*** Opening of WORKING DATA ***

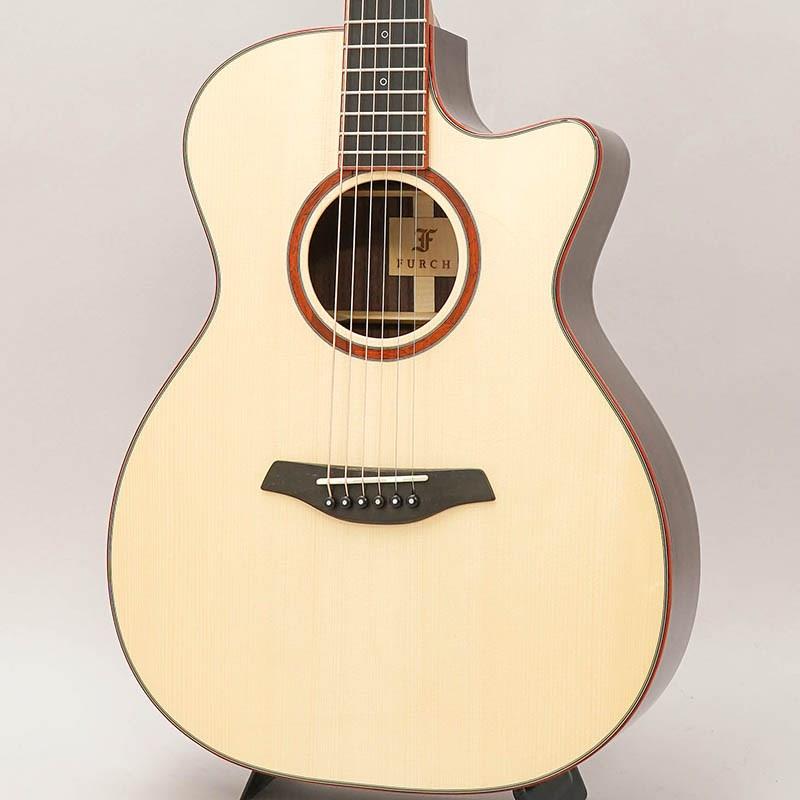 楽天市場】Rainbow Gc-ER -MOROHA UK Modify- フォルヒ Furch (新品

*** Close of WORKING DATA ***
*** Opening of WORKING DATA ***

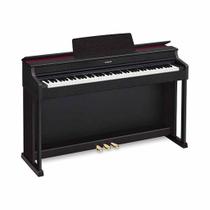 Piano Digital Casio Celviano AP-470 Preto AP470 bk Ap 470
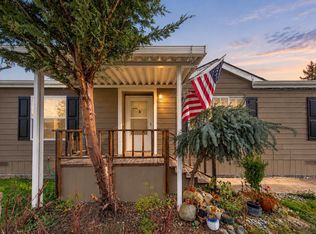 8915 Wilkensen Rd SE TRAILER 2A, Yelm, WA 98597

*** Close of WORKING DATA ***
*** Opening of WORKING DATA ***

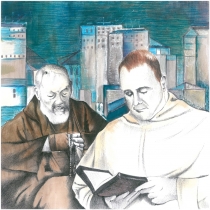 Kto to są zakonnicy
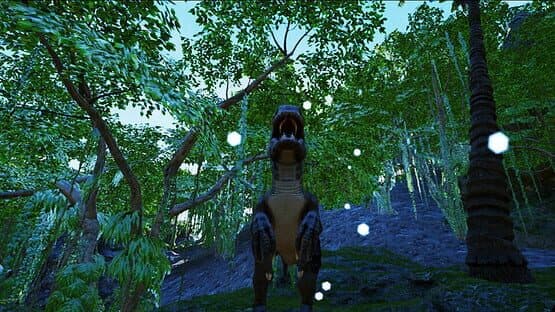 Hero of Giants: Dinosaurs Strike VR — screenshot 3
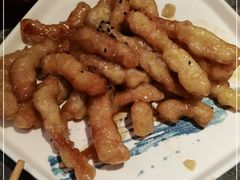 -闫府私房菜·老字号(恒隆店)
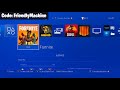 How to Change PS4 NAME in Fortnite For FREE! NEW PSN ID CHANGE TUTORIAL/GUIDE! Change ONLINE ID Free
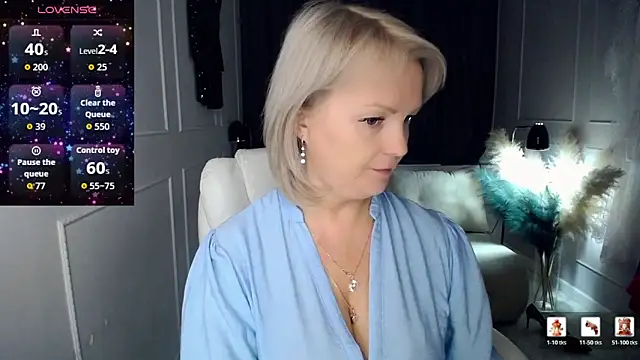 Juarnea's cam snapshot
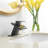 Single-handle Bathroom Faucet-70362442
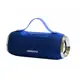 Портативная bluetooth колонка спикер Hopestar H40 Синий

*** Close of WORKING DATA ***

== ASSIGNMENT ==
Look back over the records above. Reproduce exactly everything from the line with "Hero of Giants: Dinosaurs" down to the line with "Портативная bluetooth колонка", inclusive, and leave the pictures out.

== WRITTEN RESPONSE ==
 Hero of Giants: Dinosaurs Strike VR — screenshot 3
 -闫府私房菜·老字号(恒隆店)
 How to Change PS4 NAME in Fortnite For FREE! NEW PSN ID CHANGE TUTORIAL/GUIDE! Change ONLINE ID Free
 Juarnea's cam snapshot
 Single-handle Bathroom Faucet-70362442
 Портативная bluetooth колонка спикер Hopestar H40 Синий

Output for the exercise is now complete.